2. The Government of the Slovak Republic (“the Government”) were represented by Ms M. Pirošíková, their Agent.
A. The circumstances of the case
3. The facts of the case, as submitted by the parties, may be summarised as follows.
1. The applicant
4. The applicant has thus far submitted 124 applications under the Convention (see Komanický v. Slovakia (dec.), no. 9845/06, § 2, 13 December 2011 with further references).
2. The action
5. On 26 August 2000 the applicant brought an action (case no. 5C 602/00) against a private company before the Svidník District Court ( Okresný súd ). He argued that he had title to some forest land, which was being occupied by the defendant company, and that the latter had arbitrarily terminated a lease of that land they had previously concluded. Accordingly, the applicant sought a ruling declaring the defendant company ’ s termination of the lease null and void.
6. Between 15 November 2000 and 30 April 2001 the applicant requested an exemption from court fees, which was examined and dismissed at two levels of jurisdiction. The question of court fees was subsequently examined again at two levels of jurisdiction in connection with various procedural applications made by the applicant.
7. Meanwhile, the applicant was asked to provide further and more detailed particulars of the claim and to support his claim with evidence, particularly in so far as he appeared to be seeking financial compensation in respect of unpaid rent. In response, the applicant specified that his claim amounted to the equivalent of some 50 euros (EUR).
In a letter of 20 September 2001, in response to a request by the District Court of 11 September of that year, the applicant submitted an apology for his “mediocre activity in [the] dispute, including [his] having missed time ‑ limits because [at the given time] [he] was also dealing with other, far more serious matters”.
8. Between 11 November 2001 and 21 March 2002 three hearings were listed, but the applicant excused himself from them on various grounds.
9. A hearing took place on 23 April 2002. On the same day, the District Court dismissed the action. It found that the applicant had not been the owner of the property at the time the lease was concluded and that the defendant company had therefore been entitled to terminate the lease.
10. On 19 February 2004 the Prešov Regional Court ( Krajský súd ) quashed the first-instance judgment following an appeal by the applicant, and remitted the matter to the District Court for re-examination.
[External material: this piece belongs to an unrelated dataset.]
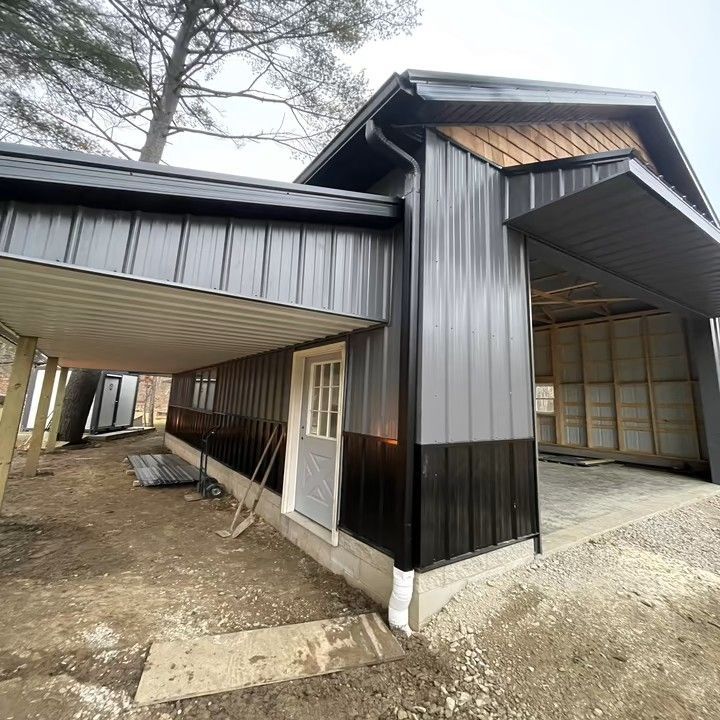 Modern barn-style building with black and gray metal siding, a carport, and an open garage entrance.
It found that the District Court had failed to identify the property in question and to establish whether the lease had been validly concluded.
11. On 7 August 2006 the District Court discontinued the proceedings, on the grounds that the applicant had failed to comply with its request of 12 July 2005 to formulate his claim properly. However, following an appeal by the applicant, that decision was quashed by the Regional Court on 27 November 2006, and the case was remitted to the District Court for a determination on the merits.
12. Between 30 May 2007 and 27 April 2009 four further hearings were listed, but the applicant excused himself from them on various grounds.
13. The hearing scheduled for 27 April 2009 took place despite the applicant ’ s absence. On the same day, the District Court dismissed the action, finding, inter alia , that the property in question had not been described properly, which meant that the lease was void ab initio .
14. On 15 April 2010 the Regional Court upheld the first-instance judgment following an appeal by the applicant. The merits of the case were thereby resolved by a final and binding decision.
3. Constitutional complaints
15. The applicant brought two complaints under Article 127 of the Constitution, challenging the length of the proceedings in his case. In both complaints, he contested exclusively the part of the proceedings which took place before the District Court.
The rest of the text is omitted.